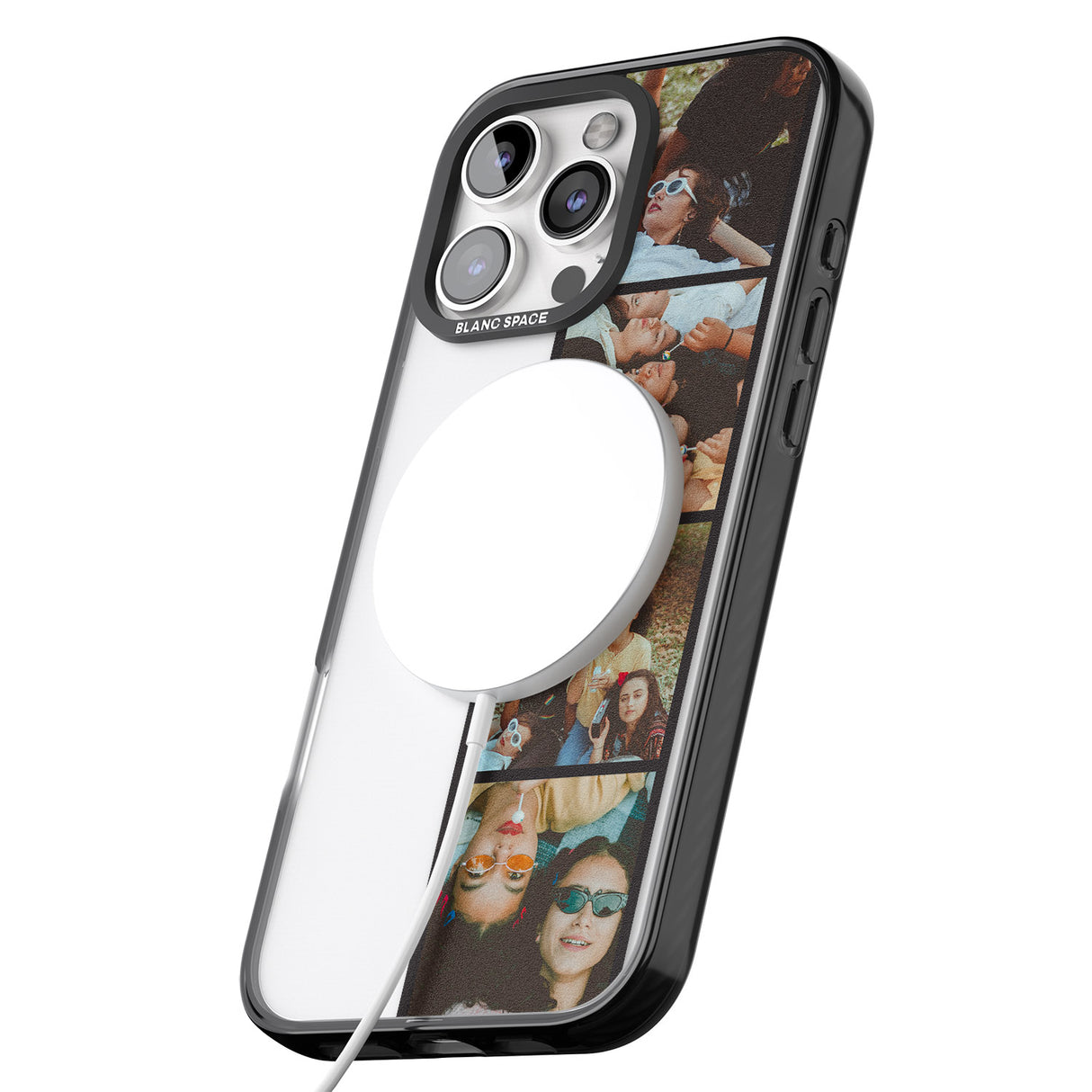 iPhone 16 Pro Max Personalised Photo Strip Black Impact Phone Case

---

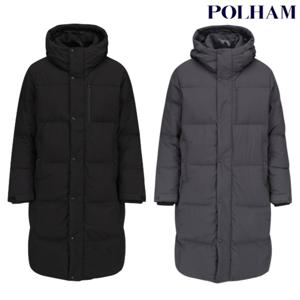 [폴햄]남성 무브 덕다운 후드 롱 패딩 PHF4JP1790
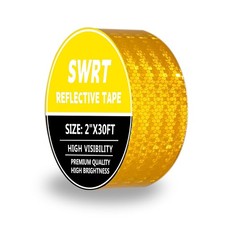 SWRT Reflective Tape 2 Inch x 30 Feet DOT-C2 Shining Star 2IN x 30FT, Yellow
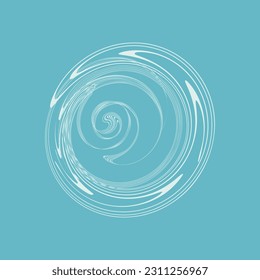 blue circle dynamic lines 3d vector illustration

WORK ITEM >> Using the material above, transcribe exactly the lines from the one holding "[폴햄]남성 무브 덕다운 후드 롱 패딩 PHF4JP1790" to the one holding "blue circle dynamic", both ends kept. Do not carry over any pictures.

WRITTEN ANSWER >>
 [폴햄]남성 무브 덕다운 후드 롱 패딩 PHF4JP1790
 SWRT Reflective Tape 2 Inch x 30 Feet DOT-C2 Shining Star 2IN x 30FT, Yellow
 blue circle dynamic lines 3d vector illustration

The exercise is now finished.